One advantage of allograft corneal ring treatment is that it uses natural tissue instead of synthetic material, which can reduce the risk of complications such as infection, corneal melting or inflammation. Also, because allograft tissue is biologically compatible, the risk of rejection is low.
Another advantage of allograft corneal ring treatment is that it is reversible and adjustable. Unlike traditional corneal ring treatment, which requires removal of the plastic rings if the patient experiences problems or complications, allograft corneal ring treatment can be easily removed or adjusted as needed.
However, it is important to remember that any surgical procedure carries risks and potential complications. Patients considering allograft corneal ring treatment should discuss the potential risks and benefits with their ophthalmologist or eye surgeon. Also, not all patients with keratoconus may be suitable candidates for corneal ring treatment and other treatment options may be necessary.

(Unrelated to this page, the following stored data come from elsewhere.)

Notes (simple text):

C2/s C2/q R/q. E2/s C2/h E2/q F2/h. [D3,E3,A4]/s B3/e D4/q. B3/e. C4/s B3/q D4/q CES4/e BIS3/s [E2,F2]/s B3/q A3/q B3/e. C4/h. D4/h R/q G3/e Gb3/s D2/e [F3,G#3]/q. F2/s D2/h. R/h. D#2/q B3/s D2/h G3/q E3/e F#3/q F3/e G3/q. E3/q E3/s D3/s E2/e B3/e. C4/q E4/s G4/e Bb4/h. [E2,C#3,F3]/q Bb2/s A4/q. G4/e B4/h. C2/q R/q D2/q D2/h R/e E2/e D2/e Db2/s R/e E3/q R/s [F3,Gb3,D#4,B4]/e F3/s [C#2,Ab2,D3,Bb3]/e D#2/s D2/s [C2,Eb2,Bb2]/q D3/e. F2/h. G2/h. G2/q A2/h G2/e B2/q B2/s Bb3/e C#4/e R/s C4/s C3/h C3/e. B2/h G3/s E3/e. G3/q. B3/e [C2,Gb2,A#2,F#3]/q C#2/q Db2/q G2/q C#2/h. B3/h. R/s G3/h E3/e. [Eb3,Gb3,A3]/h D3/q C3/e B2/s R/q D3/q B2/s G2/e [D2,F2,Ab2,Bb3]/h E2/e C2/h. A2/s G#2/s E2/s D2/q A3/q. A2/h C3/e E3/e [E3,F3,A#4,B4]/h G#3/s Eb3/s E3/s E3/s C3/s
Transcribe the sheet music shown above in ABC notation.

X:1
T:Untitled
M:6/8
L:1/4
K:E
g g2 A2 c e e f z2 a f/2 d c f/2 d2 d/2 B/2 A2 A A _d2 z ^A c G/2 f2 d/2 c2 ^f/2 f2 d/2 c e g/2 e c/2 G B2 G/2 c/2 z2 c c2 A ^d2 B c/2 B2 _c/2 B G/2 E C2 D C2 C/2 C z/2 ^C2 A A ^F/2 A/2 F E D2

Frequently Asked Questions
Although the exact cause of this disease is unknown, it can be said that genetic inheritance, ultraviolet radiation, hard lens use, environmental factors, eye trauma such as allergic eye itching are effective in the development of keratoconus. According to the latest information of today’s modern medicine. For this reason, it is of great importance for the early diagnosis and treatment of the disease to perform routine eye examinations while performing detailed examinations such as corneal topography in children with a family history of keratoconus.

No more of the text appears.